The recent General Assembly of the EMODnet Chemistry was a good opportunity to present relevant ways in which the project pursues the principles of Open Science (OS). The University of Liège (ULiege) showed how the project implements open science thanks to open source software. Charles Troupin from ULiege referred in particular to EMODnet Chemistry's use of the netCDF format and the NCDatasets.jl package, which is described in a recent EMODnet news article. If you are interested in more details, please read the 2024 scientific paper in the Journal of Open Source Science
During the General Assembly (GA) of EMODnet Chemistry, which took place in Copenhagen on 23 and 24 September, the University of Liège (ULiege) provided information on the latest developments in open source software, which represents an important contribution of the EMODnet Chemistry partnership to Open Science.
According to the definition in the UNESCO Recommendation on Open Science, the latter is a broad construct that brings together various movements and practises aimed at making multilingual scientific knowledge openly available, accessible and reusable for everyone.
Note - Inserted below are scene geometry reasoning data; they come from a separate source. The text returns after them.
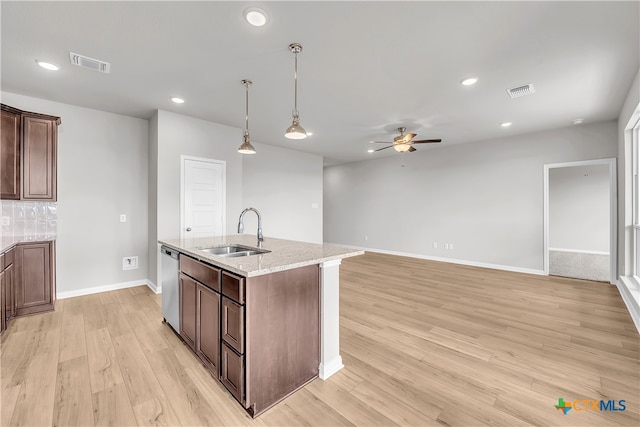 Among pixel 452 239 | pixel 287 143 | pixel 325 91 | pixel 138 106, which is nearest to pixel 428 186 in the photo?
pixel 452 239

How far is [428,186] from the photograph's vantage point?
6.95 m

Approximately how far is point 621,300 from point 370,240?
5205 mm

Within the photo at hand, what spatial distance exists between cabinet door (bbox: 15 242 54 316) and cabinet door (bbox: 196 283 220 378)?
8.47ft

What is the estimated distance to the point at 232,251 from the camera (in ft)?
8.96

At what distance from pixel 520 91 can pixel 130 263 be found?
6140 mm

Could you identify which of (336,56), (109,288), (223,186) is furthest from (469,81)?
(109,288)

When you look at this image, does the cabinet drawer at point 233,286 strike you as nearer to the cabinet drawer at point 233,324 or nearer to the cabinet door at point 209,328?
the cabinet drawer at point 233,324

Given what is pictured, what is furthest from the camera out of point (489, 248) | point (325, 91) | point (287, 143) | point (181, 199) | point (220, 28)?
point (287, 143)

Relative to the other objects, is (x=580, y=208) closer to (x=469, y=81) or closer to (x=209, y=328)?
(x=469, y=81)

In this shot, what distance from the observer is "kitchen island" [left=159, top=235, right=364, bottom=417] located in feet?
5.51

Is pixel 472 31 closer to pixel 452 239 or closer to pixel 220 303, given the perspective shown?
pixel 220 303

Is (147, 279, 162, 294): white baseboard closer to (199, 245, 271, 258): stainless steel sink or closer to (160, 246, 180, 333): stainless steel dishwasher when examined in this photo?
(160, 246, 180, 333): stainless steel dishwasher

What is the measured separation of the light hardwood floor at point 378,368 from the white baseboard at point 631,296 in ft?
0.35

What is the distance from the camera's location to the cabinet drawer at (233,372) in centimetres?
170
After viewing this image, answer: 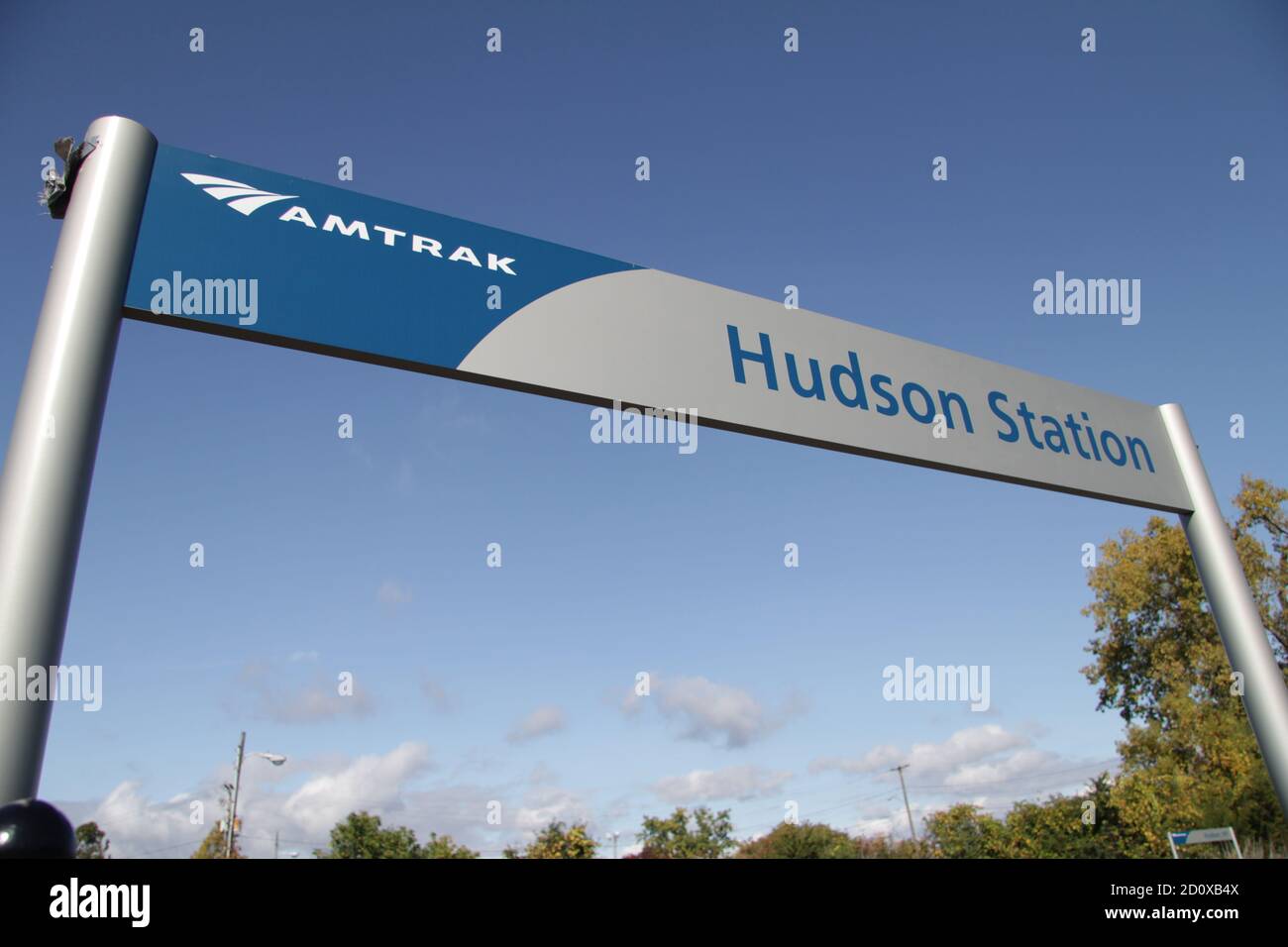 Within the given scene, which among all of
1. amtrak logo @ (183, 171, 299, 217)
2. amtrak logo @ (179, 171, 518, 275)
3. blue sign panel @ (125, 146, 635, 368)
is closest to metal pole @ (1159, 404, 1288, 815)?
blue sign panel @ (125, 146, 635, 368)

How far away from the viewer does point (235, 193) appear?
3383 mm

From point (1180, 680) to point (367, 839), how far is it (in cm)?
3948

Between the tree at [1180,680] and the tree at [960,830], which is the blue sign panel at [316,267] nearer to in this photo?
the tree at [1180,680]

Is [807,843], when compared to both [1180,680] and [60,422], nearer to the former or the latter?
[1180,680]

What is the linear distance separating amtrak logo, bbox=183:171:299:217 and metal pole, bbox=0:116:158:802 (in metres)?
0.20

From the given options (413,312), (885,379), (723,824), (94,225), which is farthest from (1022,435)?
(723,824)

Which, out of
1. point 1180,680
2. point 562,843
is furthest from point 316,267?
point 562,843

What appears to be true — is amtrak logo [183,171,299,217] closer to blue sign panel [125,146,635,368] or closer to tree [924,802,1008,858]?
blue sign panel [125,146,635,368]

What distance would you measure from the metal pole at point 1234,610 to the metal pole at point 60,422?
6.42m

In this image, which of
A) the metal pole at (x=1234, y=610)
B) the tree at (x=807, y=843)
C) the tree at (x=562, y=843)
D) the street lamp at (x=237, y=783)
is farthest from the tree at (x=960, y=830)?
the metal pole at (x=1234, y=610)

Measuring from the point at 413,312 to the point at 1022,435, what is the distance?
4050 mm

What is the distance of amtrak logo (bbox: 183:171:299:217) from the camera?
3331 mm

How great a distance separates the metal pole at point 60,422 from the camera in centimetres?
236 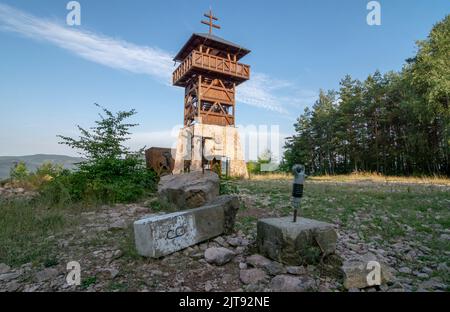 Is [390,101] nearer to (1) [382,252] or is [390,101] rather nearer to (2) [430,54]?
(2) [430,54]

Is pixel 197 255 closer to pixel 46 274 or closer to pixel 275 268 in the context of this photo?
pixel 275 268

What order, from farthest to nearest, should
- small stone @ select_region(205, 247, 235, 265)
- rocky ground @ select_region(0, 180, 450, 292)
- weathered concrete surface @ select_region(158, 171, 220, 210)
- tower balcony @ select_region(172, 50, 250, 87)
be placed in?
tower balcony @ select_region(172, 50, 250, 87)
weathered concrete surface @ select_region(158, 171, 220, 210)
small stone @ select_region(205, 247, 235, 265)
rocky ground @ select_region(0, 180, 450, 292)

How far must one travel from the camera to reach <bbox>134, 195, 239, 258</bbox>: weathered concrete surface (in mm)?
2479

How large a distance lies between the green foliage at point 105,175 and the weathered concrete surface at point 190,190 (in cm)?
142

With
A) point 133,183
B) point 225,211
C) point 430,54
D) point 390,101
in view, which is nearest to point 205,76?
point 133,183

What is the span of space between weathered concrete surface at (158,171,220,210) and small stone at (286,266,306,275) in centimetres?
222

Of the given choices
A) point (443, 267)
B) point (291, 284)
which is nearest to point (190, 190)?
point (291, 284)

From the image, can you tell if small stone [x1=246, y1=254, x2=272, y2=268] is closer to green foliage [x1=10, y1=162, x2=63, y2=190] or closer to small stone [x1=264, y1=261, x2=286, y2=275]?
small stone [x1=264, y1=261, x2=286, y2=275]

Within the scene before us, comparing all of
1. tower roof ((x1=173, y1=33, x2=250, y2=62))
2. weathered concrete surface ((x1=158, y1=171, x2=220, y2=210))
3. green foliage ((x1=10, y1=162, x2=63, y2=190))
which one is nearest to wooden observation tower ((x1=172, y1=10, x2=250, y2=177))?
tower roof ((x1=173, y1=33, x2=250, y2=62))

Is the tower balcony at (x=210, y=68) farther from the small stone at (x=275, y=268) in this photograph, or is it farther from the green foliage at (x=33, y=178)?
the small stone at (x=275, y=268)

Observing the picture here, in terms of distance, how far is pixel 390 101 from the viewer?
25.0 m

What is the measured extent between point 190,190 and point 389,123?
28.4 meters

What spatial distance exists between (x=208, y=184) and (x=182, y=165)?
12.2m

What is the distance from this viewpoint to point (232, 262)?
8.21ft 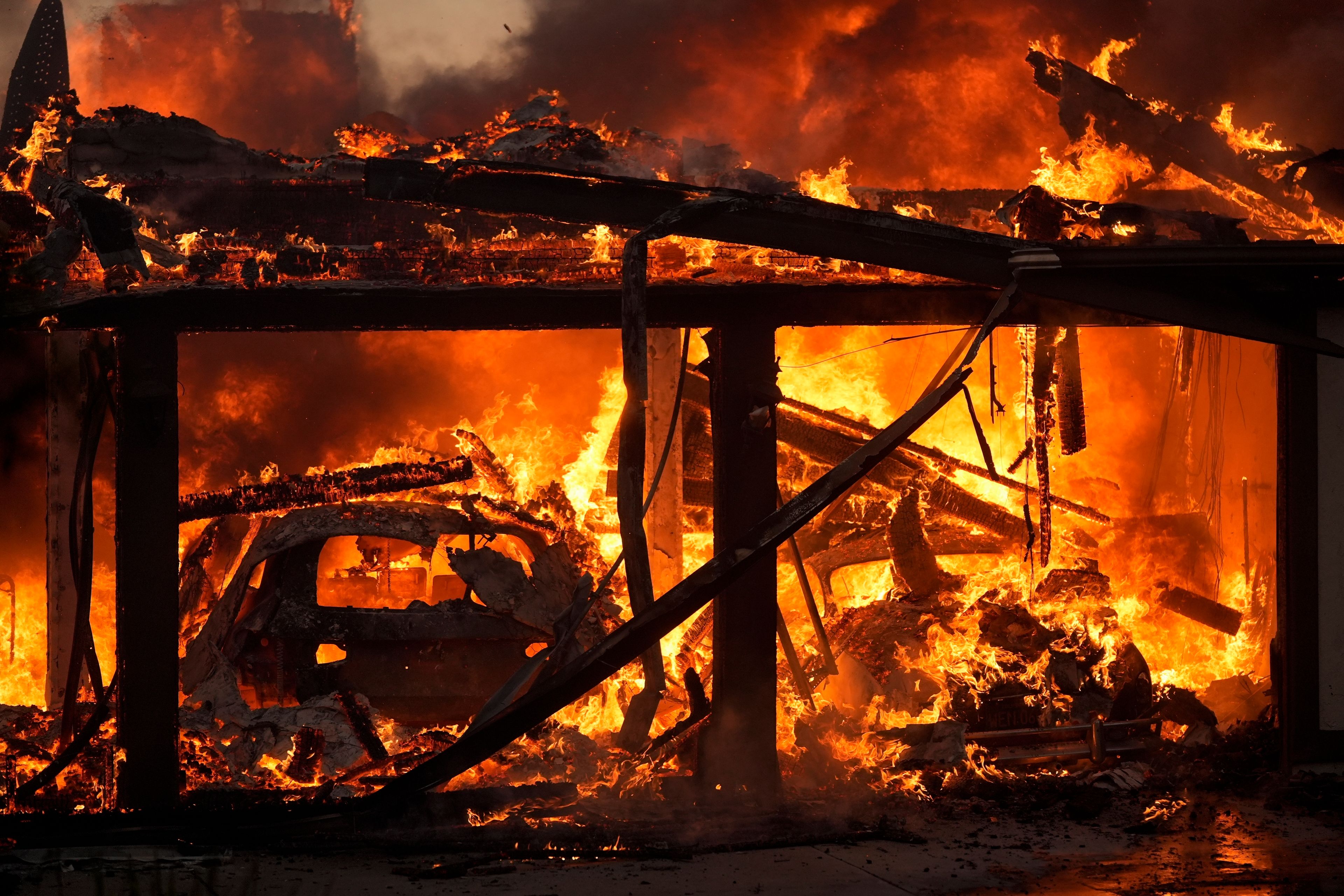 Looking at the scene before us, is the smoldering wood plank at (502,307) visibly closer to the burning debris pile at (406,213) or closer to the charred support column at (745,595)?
the burning debris pile at (406,213)

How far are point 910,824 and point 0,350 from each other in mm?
10808

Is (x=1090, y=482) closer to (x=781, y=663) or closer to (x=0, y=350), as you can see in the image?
(x=781, y=663)

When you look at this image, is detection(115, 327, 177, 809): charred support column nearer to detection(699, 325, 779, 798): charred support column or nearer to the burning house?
the burning house

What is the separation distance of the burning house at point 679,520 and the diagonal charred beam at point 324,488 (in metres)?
0.04

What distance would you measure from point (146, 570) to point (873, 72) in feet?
40.4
The recommendation also states that Open Science rests on five pillars: Open scientific knowledge, open science infrastructures, open science communication, open engagement of societal actors and open dialogue with other knowledge systems.
In this context, ULiege, which has been contributing to EMODnet Chemistry since 2009, referred during the GA to the use of the netCDF format and the Julia package NCDatasets.jl by EMODnet Chemistry and other projects.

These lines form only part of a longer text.